Thursday, September 11, 2008
A recent case from Utah gives me my third recent opportunity to address the invited error doctrine (for previous posts, click here and here). In that case, former Fazoli's restaurant manager J.W. Craig Lamoreaux was convicted by a jury in March of one felony count of attempted forcible sex abuse for allegedly putting his hand down the pants of and making sexual advances toward a 17-year-old female employee in March 2007. During trial, defense counsel introduced into evidence a DVD-recorded interview of the victim during which she told police that Lamoreaux had mentioned he was transferred from the Orem store to the Provo store because of other flirtatious acts. Defense counsel later, however, rebutted this allegation through an affidavit from a regional manager, who said that no harassment had occurred in Orem. Instead, according to defense counsel, Lamoreaux was transferred because of a paperwork issue.
And when defense counsel pressed this theory of Lamoreaux's previous transfer during closing arguments, the prosecution rebutted it by referencing the alleged victim's statements in the DVD-recorded interview. After Lamoreaux was convicted, defense counsel argued that he was entitled to a new trial because the prosecutor improperly referred to the alleged victim's hearsay statements in his closing argument. Moreover, I would add that the alleged victim's statement should have been inadmissible not only on hearsay grounds, but also on the ground that it constituted improper propensity character evidence.
But while the alleged victim's statement thus should not have been introduced into evidence, the problem for Lamoreaux was that his counsel, and not the prosecution, introduced it into evidence.

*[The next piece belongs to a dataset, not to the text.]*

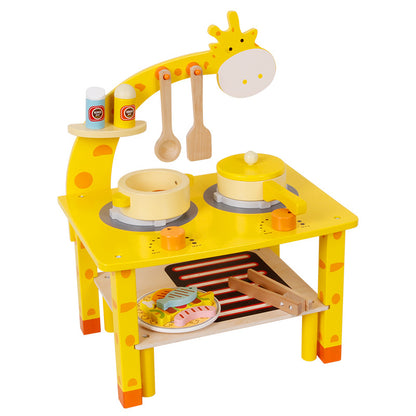 Cuisine de Girafe en Bois pour Maisonnette BBQ Set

Thus, 4th District Judge Claudia Laycock found that a new trial was not warranted because "[i]f it was error, it was invited error brought in by the defense" and "[p]rosecutors had every right to comment on testimony that had come in without any objection." More specifically, the defendant "was the one who introduced it into evidence, not the state, and when this statement came up ... on the tape, it is his obligation to deal with it." I agree with the judge's conclusion because this was a classic case of a party inviting the court to commit an error, meaning that the party had no grounds to complain after that invitation was accepted.